November 14, 2011

Lewis & Beane interview

Moneyball (the movie) opens in the U.K. on November 25, and as part of the publicity, The Financial Times features an in-depth interview with both Michael Lewis and Billy Beane by Simon Kuper.

It's quite a revealing interview, that digs into the relationship between Lewis and Beane -- why Lewis was interested in finding the story, and why Beane let Lewis hang around.

But to whet your appetite, here's a couple of highlights. First, a quote from Michael Lewis:
"Baseball is a stupid-making enterprise in that nobody wants to be singled out or say something dumb. You wander in the clubhouse and it’s amazing how incurious the players are. One reason I was attracted to Scott Hatteberg [the former A’s player] as a character: he was just curious: ‘What the hell are you doing here, man?’”

On the criticisms of Moneyball:

There are two silly objections often made to Lewis’s book. The first is that if Moneyball works so well, then why haven’t the A’s had a winning season since 2006? We meet on a sunny October morning, mid-playoffs, a perfect day for baseball, but the team’s season has long since ended.

However, the people who make this objection don’t seem to grasp the basic principles of imitation and catch-up. Once all teams are playing Moneyball, then playing Moneyball no longer gives you an edge. Indeed, the richer clubs have the means to play it smarter. The New York Yankees recently hired 21 statisticians, Beane marvels.

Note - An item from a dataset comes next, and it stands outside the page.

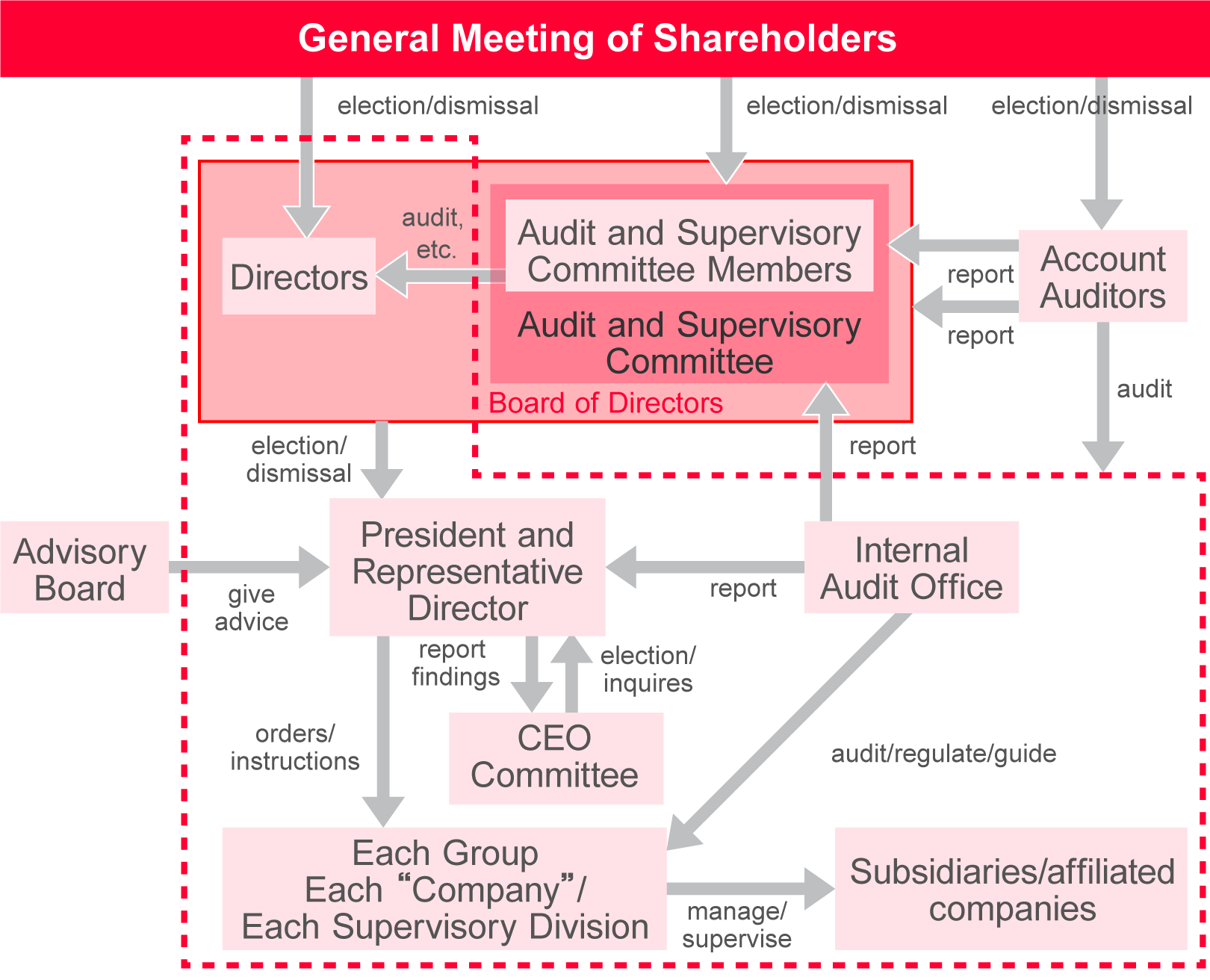 Corporate governance system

The other common snipe is that Beane should never have spilled his secrets to Lewis. That ruined the A’s, the critics say. But Lewis dismisses the charge. First, he notes, Beane had never imagined their conversations would spiral into a book. Lewis says, “I was going to do something little. By the time I thought I was going to do something big I’d hung around so much it would have been socially awkward to ask me to leave.”

Second, notes Lewis, by 2002 Moneyball was already spreading. The book ends with the Red Sox offering Beane the highest GM’s salary in baseball history. Only when Beane turned them down, having decided after Stanford that he’d never do anything just for money again, did the Red Sox hire Epstein. “The market was moving already,” says Lewis. “The teams that wanted to do it were going to do it anyway, so no book was going to make any difference. My view is the only effect of the book was to give them [the A’s] the credit. If no book had been written, Theo would have been branded the man who reinvented baseball.”

Of course, Epstein's stuff worked in the playoffs.